=== Section Start ===

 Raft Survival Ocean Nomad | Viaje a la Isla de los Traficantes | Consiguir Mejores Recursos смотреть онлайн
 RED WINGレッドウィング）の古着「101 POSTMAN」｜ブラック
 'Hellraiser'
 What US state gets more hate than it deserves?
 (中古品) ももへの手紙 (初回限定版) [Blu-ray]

=== Section End ===
=== Section Start ===

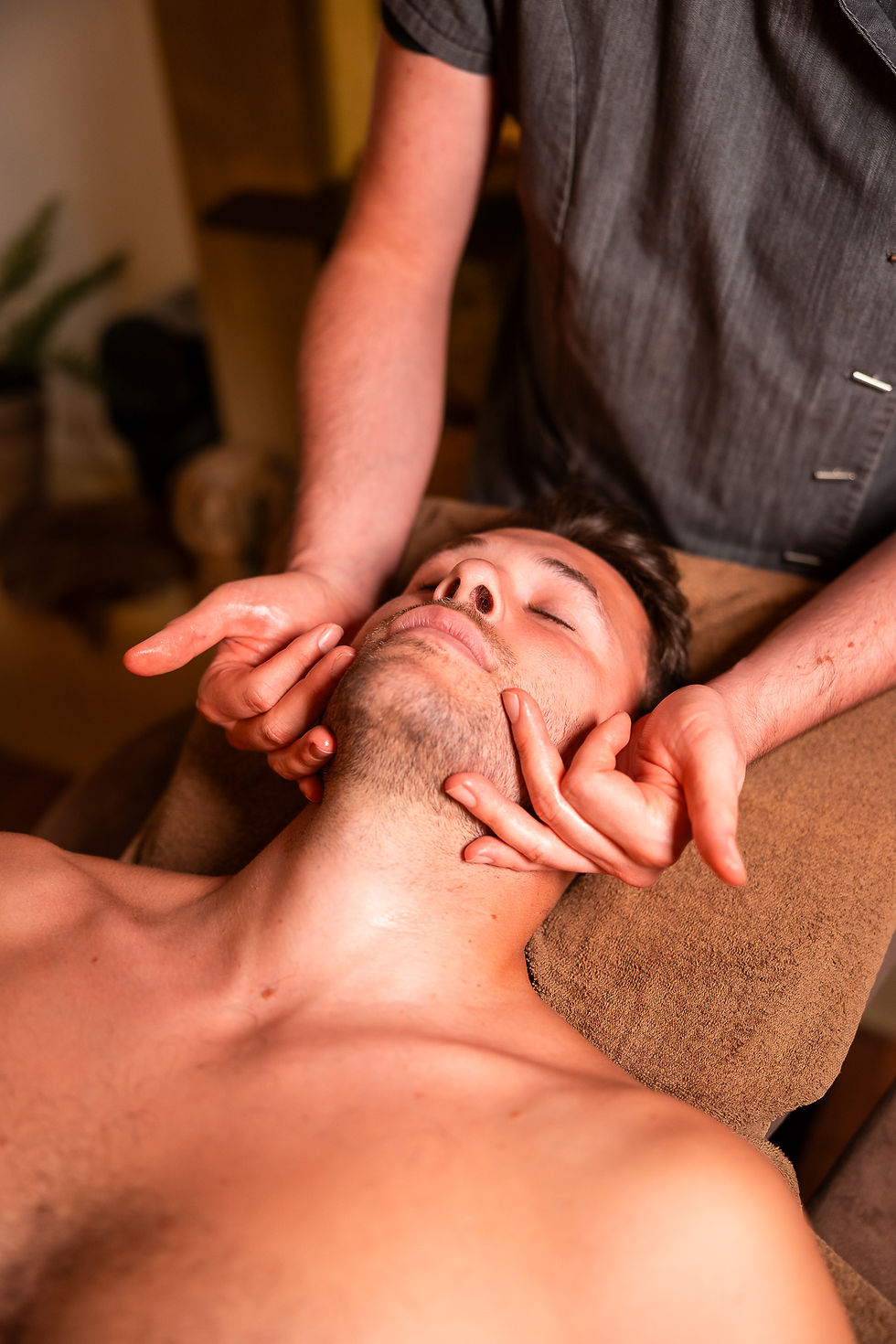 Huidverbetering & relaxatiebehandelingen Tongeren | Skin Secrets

=== Section End ===
=== Section Start ===

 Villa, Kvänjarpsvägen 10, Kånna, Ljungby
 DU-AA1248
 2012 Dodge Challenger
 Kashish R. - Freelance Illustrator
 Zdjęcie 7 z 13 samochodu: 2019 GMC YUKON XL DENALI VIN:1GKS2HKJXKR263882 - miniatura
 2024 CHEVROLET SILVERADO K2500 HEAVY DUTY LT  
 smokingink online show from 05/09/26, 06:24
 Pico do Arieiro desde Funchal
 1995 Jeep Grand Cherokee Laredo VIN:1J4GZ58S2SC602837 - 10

=== Section End ===

Exercise>
From the records above, give again exactly the lines running from the line with "Zdjęcie 7 z" to the line with "1995 Jeep Grand", inclusive.

Answer area>
 Zdjęcie 7 z 13 samochodu: 2019 GMC YUKON XL DENALI VIN:1GKS2HKJXKR263882 - miniatura
 2024 CHEVROLET SILVERADO K2500 HEAVY DUTY LT  
 smokingink online show from 05/09/26, 06:24
 Pico do Arieiro desde Funchal
 1995 Jeep Grand Cherokee Laredo VIN:1J4GZ58S2SC602837 - 10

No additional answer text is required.